Analytic Framework and Key Questions

During this project’s topic refinement, the topic nominator and other interested parties agreed that an independent, comprehensive review of the issues introduced above and as elaborated in the following analytic framework (Figure 1) and Key Questions would provide helpful guidance to clinicians and policymakers regarding prevention of recurrent kidney stones.

Figure 1. Analytic framework.
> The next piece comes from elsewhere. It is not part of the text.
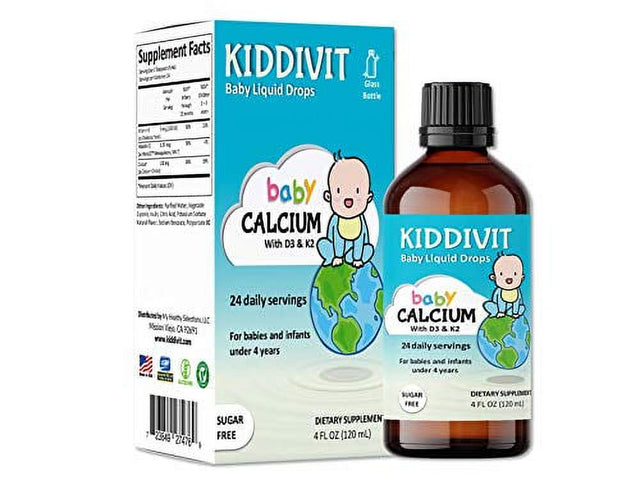 Kiddivit Baby Calcium Liquid Drops with Vitamin D3 & K2-24 Daily Servings, 4 Fl Oz (120 Ml) - Inulin Fortified (Prebiotic, Dietary Fiber) - Sugar Free, Gluten Free, Vegetarian Friendly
This figure depicts the conceptual model around which this project is framed, showing the logical linkage between the patient population of past kidney stone formers, dietary and pharmacological interventions aimed to prevent recurrent stone episodes, and intermediate and final health outcomes of interest.

Figure 1

Analytic framework.

Key Question 1

In adults with a history of nephrolithiasis, do results of baseline stone composition and blood and urine chemistries predict the effectiveness of diet and/or pharmacological treatment on final health outcomes and intermediate stone outcomes, and reduce treatment adverse effects?
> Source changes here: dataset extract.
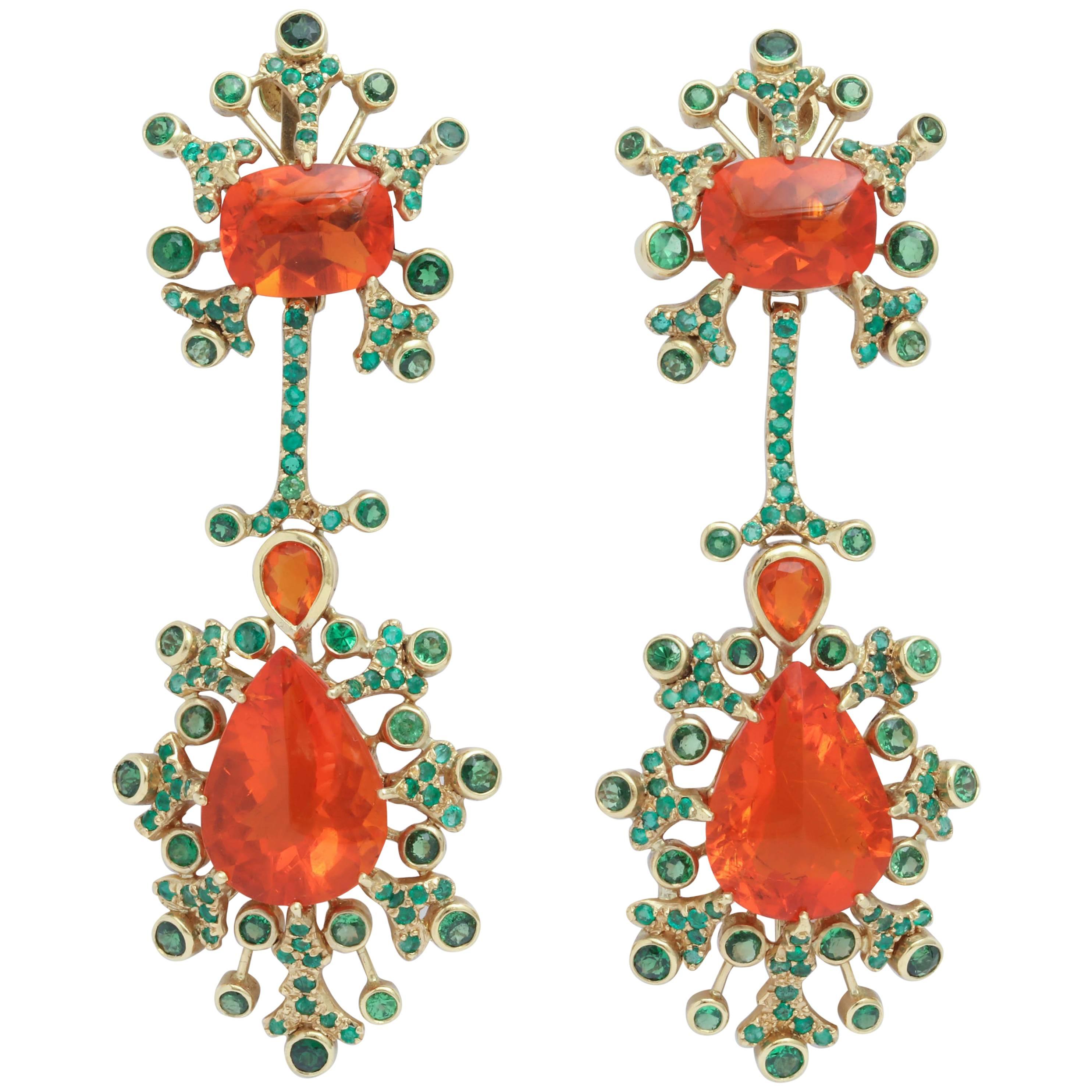 Marilyn Cooperman Fire Opal and Tsavorite Drop Earrings For Sale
  • Do effectiveness and adverse effects of treatment differ according to patient baseline stone composition and blood and urine biochemical measures?
  • Does treatment tailored to the results of baseline stone composition and blood and urine chemistries improve final health outcomes and intermediate stone outcomes, and reduce adverse effects compared with empiric treatment?

Key Question 2

In adults with a history of nephrolithiasis, what is the effectiveness and comparative effectiveness of different dietary therapies on final health outcomes and intermediate stone outcomes?
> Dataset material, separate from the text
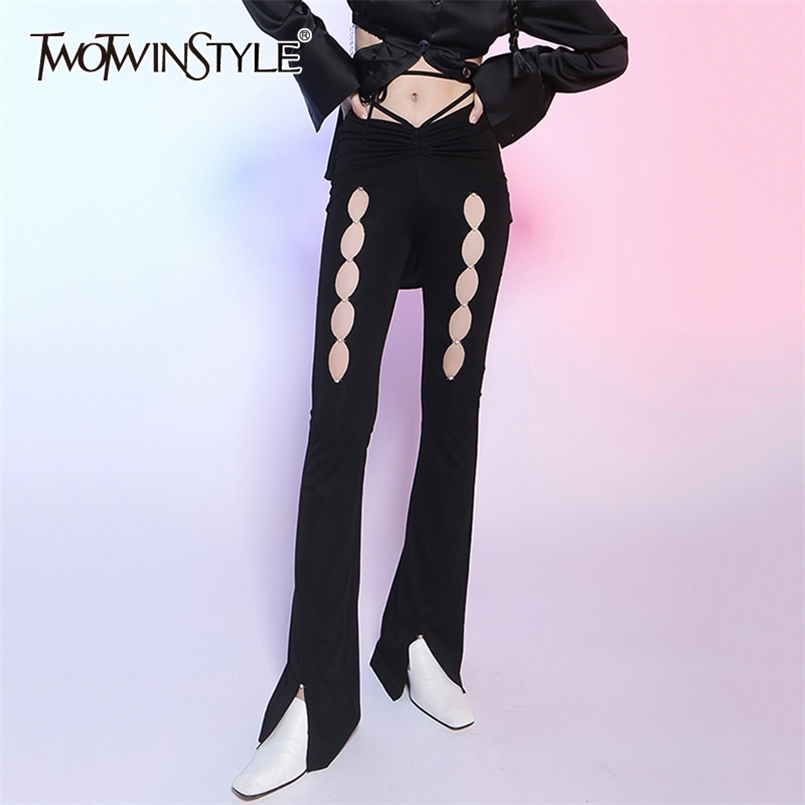 Casual Hollow Out Trousers For Women High Waist Irregular Lace Up Full Length Flare Pants Female Summer Fashion 210521, Black
Casual Hollow Out Trousers For Women High Waist Irregular Lace Up Full Length Flare Pants Female Summer Fashion 210521, Black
  • Does effectiveness of diet therapy differ according to patient baseline demographic and comorbid characteristics?
  • Does effectiveness of diet therapy differ according to patient baseline diet and fluid intake?
  • Does effectiveness of diet therapy differ according to characteristics of stone history?

Key Question 3

In adults with a history of nephrolithiasis, what is the evidence that dietary therapies to reduce risk of recurrent stone episodes are associated with adverse effects?

  • Does the risk of adverse effects differ according to patient baseline demographic and comorbid characteristics?
  • Does the risk of adverse effects differ according to patient baseline diet and fluid intake?
  • Does the risk of adverse effects differ according to characteristics of stone history?

Key Question 4

In adults with a history of nephrolithiasis, what is the effectiveness and comparative effectiveness of different pharmacological therapies on final health outcomes and intermediate stone outcomes?

  • Does effectiveness differ according to patient baseline demographic and comorbid characteristics?
  • Does effectiveness differ according to patient baseline diet and fluid intake?
  • Does effectiveness differ according to characteristics of stone history?

Key Question 5

In adults with a history of nephrolithiasis, what is the evidence that pharmacological therapies to reduce risk of recurrent stone episodes are associated with adverse effects?

  • Does the risk of adverse effects differ according to patient demographic and comorbid characteristics?
  • Does the risk of adverse effects differ according to patient baseline diet and fluid intake?
  • Does the risk of adverse effects differ according to characteristics of stone history?

Key Question 6

In adults with a history of nephrolithiasis being treated to prevent stone recurrence, do results of followup blood and urine biochemistry measures predict final health outcomes and intermediate stone outcomes?

  • Does prediction of final health outcomes and intermediate stone outcomes differ according to the frequency or duration of followup biochemistry measurements?